Parece que la temporada está desperezándose. Casi que distraídamente empieza el concierto. El sacudón es inmediato. Ligia Amadio danza en el escenario mientras con su batuta va dando la entrada a los diferentes instrumentos de las polovtsianas de Alexander Borodin, el químico. Luego se transforma en un pistón que da fuelle a los violines y la percusión –deteniendo imperceptiblemente el excesivo énfasis de un redoblante– cuando es el turno del Capricho español, de Rimsky-Korsakov, el marino mercante. Su opus 34 fue inspirada, dirá Amadio cuando tome el micrófono, por la fascinación del puerto de Cádiz.

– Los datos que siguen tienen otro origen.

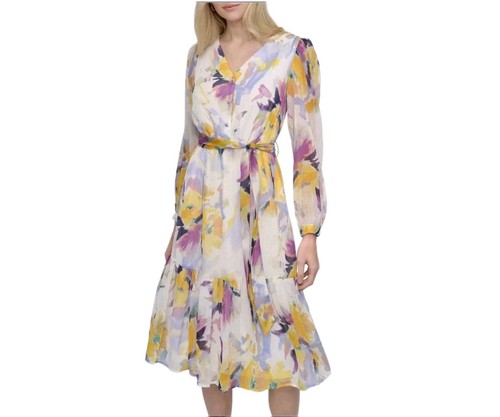 Abito midi dkny donna fiori - abito, 6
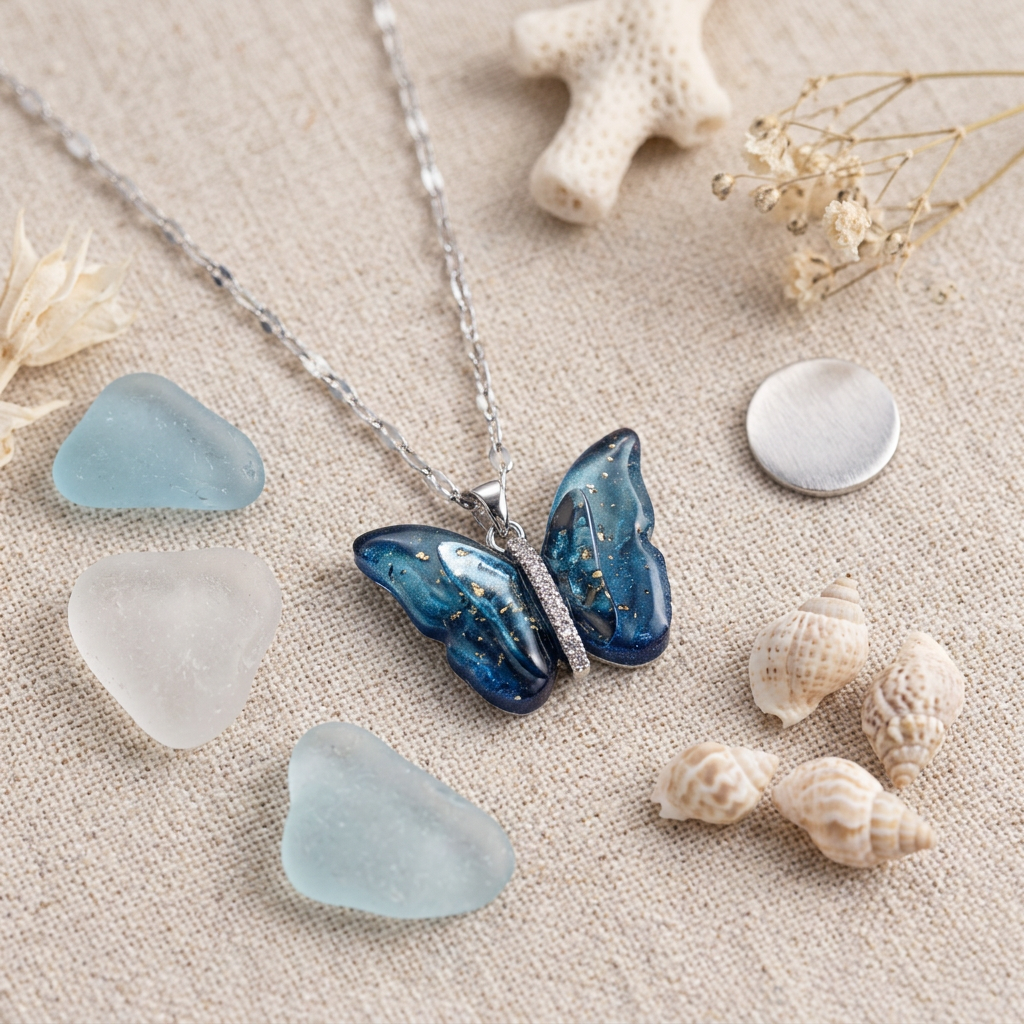 Salty Vibrant Blue Silver Winged Beauty Necklace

En el primer y tercer movimiento, las alboradas, está, superficialmente, esa vulgaridad de las marchas militares. Es el barco que llega a puerto. Por debajo, poco a poco, van colándose los arabescos. Es el Oriente andaluz –que paradojalmente queda, para un ruso, al oeste– que empieza a derretir esa dureza militar. Son las variaciones del segundo movimiento. El canto gitano del tercero. El final apoteósico del fandango asturiano que arranca aplausos.
La escena está preparada para la entrada de la solista. Gloria Campaner es veneciana. Tiene por delante el Concierto número 2 para piano y orquesta de Rachmaninov, el hipnotizado. “Hay que ver –dice una conocedora antes del comienzo– todos conocen esa pieza, si la toca mal…”. ¿La toca mal? Parece que no, a juzgar por la ovación que se le brinda y los dos bises que le arrancan los aplausos sostenidos.

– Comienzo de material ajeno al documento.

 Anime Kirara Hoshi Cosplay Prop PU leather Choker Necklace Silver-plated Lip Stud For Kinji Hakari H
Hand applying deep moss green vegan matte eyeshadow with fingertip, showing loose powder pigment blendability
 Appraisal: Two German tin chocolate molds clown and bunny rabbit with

Cuatro días antes otro solista, en este caso Luiz Felipe Coelho, brasileño formado en Alemania, había despertado similar entusiasmo. En su caso no sacaba los sonidos de un piano sino que empuñaba un violín Cremona de 1774. Como esas instalaciones de arte contemporáneo que sólo adquieren su completitud de sentido cuando se las acompaña del texto curatorial, saber que ese violín que está en escena es un violín de esas características, es parte del espectáculo.
Si la veneciana Campaner parecía desarticular sus falanges corriendo sobre el marfil falso del teclado, el germanobrasileño Coelho suda de pie y termina sus momentos más virtuosos con un gesto de esgrimista consciente de su estocada. Jóvenes y de buen ver, los solistas del 15 y del 19 de febrero pusieron el toque de magia en dos programas sostenidos con solvencia por la orquesta municipal. Al salir, el calor seguía ahí afuera. No hay virtuosismo que pueda con la meteorología.